Герои Краснодона (Авторов) - страница 29

— Ваша дочь была активной, и о ее действиях вы не могли не знать.

Надежды на освобождение у меня рухнули. Я приготовилась испить чашу до дна.

В камеру прибыло пополнение привели первомайских девушек. Это произвело на нас удручающее впечатление Нам не хотелось верить, что гибнет все; мы себя убеждали, что отдельные молодогвардейцы спасутся и что работа вновь будет развернута.

Первомайцев разбили на две группы: часть поместили с нами, остальных отвели в другую камеру. Среди девушек я узнала Ульяну Громову, Шуру Бондареву и Шуру Дубровину.

Громова произвела на меня очень хорошее впечатление. Это была высокого роста стройная брюнетка, с вьющимися волосами и красивыми чертами лица.

— Борьба не такая простая штука, говорила она. — Надо в любых условиях, в любой обстановке не сгибаться, а находить выход и бороться. Мы в данных условиях тоже можем бороться, только надо быть решительней и организованней. Мы можем устроить побег и на свободе продолжать свое дело… Подумайте об этом!

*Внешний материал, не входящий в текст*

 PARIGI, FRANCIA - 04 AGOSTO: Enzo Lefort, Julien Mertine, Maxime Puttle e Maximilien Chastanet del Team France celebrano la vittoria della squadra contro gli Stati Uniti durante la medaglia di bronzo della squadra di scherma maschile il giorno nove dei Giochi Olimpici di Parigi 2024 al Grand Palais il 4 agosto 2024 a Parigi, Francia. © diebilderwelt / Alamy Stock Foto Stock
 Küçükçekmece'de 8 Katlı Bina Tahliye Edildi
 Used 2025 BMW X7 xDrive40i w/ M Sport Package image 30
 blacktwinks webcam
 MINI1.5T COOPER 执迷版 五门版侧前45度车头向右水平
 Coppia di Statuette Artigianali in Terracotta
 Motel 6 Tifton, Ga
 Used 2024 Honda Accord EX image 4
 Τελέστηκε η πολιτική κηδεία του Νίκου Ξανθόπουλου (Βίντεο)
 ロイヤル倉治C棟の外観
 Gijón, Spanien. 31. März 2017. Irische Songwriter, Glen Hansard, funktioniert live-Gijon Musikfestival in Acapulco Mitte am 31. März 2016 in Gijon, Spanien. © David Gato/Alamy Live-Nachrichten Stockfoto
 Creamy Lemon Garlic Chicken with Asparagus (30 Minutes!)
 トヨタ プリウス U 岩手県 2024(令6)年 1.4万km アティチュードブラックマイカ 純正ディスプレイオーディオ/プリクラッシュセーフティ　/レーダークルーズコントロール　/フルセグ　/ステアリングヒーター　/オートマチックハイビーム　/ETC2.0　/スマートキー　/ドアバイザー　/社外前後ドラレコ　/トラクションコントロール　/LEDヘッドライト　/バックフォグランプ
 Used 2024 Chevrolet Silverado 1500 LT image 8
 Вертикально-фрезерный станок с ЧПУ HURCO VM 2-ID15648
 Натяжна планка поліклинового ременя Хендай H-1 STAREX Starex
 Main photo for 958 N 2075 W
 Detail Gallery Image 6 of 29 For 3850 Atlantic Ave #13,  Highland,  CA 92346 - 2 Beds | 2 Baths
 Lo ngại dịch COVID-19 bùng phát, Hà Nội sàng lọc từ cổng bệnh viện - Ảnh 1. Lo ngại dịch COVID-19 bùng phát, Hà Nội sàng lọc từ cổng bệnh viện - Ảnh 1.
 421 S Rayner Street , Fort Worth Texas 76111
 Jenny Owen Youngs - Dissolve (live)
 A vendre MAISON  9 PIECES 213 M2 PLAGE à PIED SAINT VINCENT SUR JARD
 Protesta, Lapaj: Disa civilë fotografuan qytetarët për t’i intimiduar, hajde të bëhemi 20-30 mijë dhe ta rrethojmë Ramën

Она легла на пол вверх лицом, подложила под голову руки и стала смотреть в одну точку своими черными умными глазами.

Девушки попросили ее прочесть «Демона». Она охотно согласилась.

В камере стало совсем темно. Приятным мягким голосом Ульяна начала:

Печальный Демон, дух изгнанья,
Летал над грешною землей,
И лучших дней воспоминанья
Пред ним теснилися толпой…

Вдруг раздался страшный крик. Громова перестала читать.

— Начинается, — сказала она.

Стоны и крики все усиливались. В камере была гробовая тишина. Так продолжалось несколько минут Громова, обращаясь к нам, твердым голосом прочла:

Сыны снегов, сыны славян,
Зачем вы мужеством упали?
Зачем? Погибнет ваш тиран,
Как все тираны погибали!

Кто-то вздохнул и сказал:

— Трудновато добить этих гадов!

— Ничего, — ответила Громова, — нас миллионы! Все равно победа будет за нами.

Шура Бондарева — шатенка среднего роста, с карими глазами и приятными чертами лица — прекрасно пела и танцевала. Часто по вечерам мы просили Шуру что-нибудь спеть. В песни она вкладывала столько чувства, что каждое слово песни принимало какой-то особенный смысл.

В смежной камере сидел брат Шуры. Как-то раз она приблизилась к стене этой камеры и сказала:

— Сейчас спою для брата его любимую песню. Может быть, — прибавила она задумчиво, — он будет слушать меня в последний раз!

Она запела и под конец не выдержала, залилась слезами. Мы все молчали, опустив головы. Шура быстро успокоилась и сказала:

— Не люблю я хлюпиков и сама себя ненавижу, когда потечет эта соленая водичка. — Глаза у нее заблестели, и она запела какую-то веселую песню, затем предложила: — Давайте все вместе споем что-нибудь!